Tina Bohorič
- Country (sports): Slovenia
- Born: Tina Obrez 21 April 1986 (age 39) Ljubljana, SR Slovenia, SFR Yugoslavia
- Prize money: $25,718

Singles
- Career record: 85–79
- Career titles: 2 ITF
- Highest ranking: No. 489 (27 February 2006)

Doubles
- Career record: 66–47
- Career titles: 6 ITF
- Highest ranking: No. 447 (15 May 2006)

Team competitions
- Fed Cup: 1–1

= Tina Obrez =

Slovenian tennis player

Tina Bohorič ( Obrez, born 21 April 1986) is a retired Slovenian tennis player.

Obrez was born in Ljubljana.
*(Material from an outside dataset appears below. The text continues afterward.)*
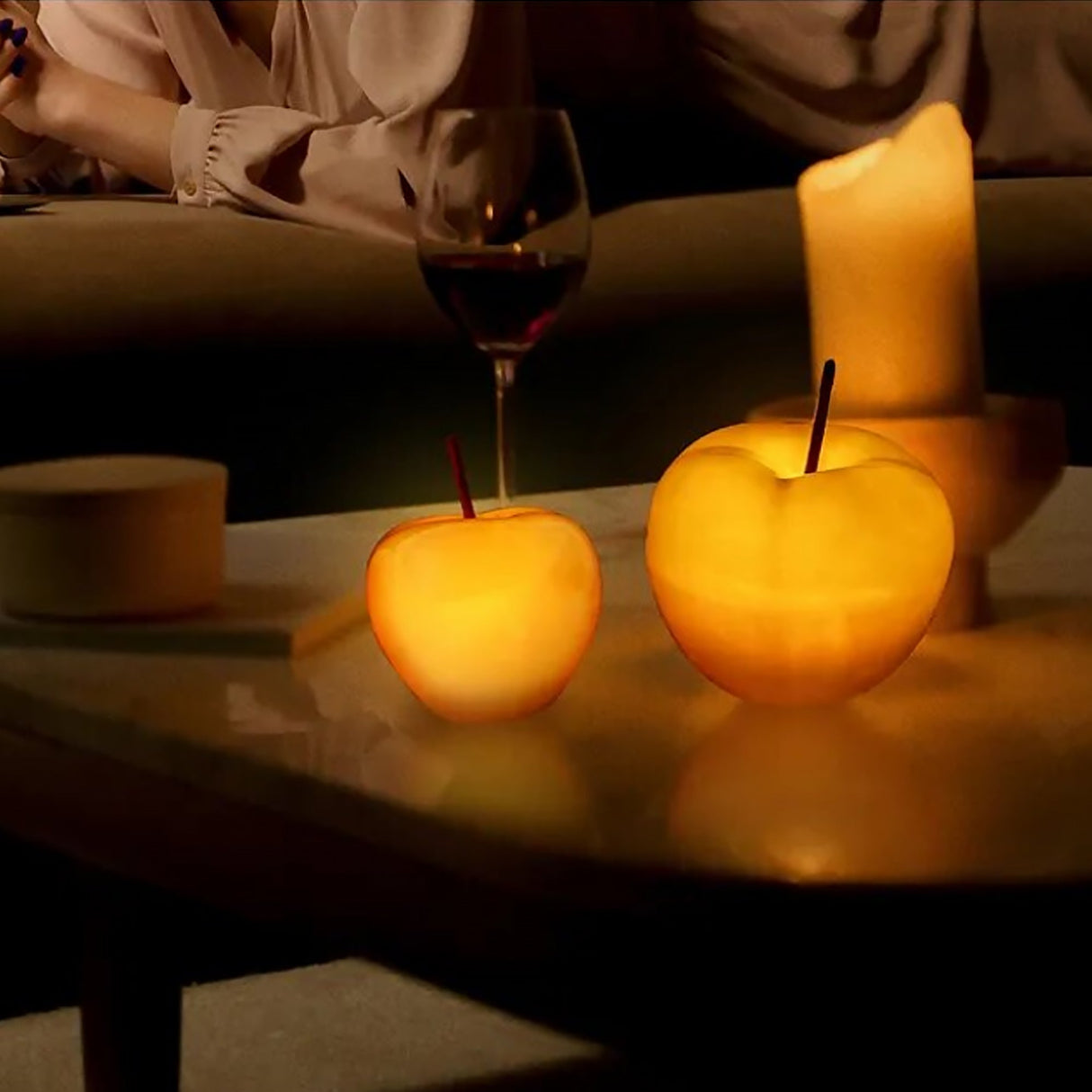 Hjemix | Apple Gjennomsiktig Nattbordslampe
She won two singles and six doubles titles on the ITF Circuit in her career. On 27 February 2006, she reached her best singles ranking of world No. 489. On 15 May 2006, she peaked at No. 447 in the doubles rankings. She played for the Slovenia Fed Cup team on two occasions.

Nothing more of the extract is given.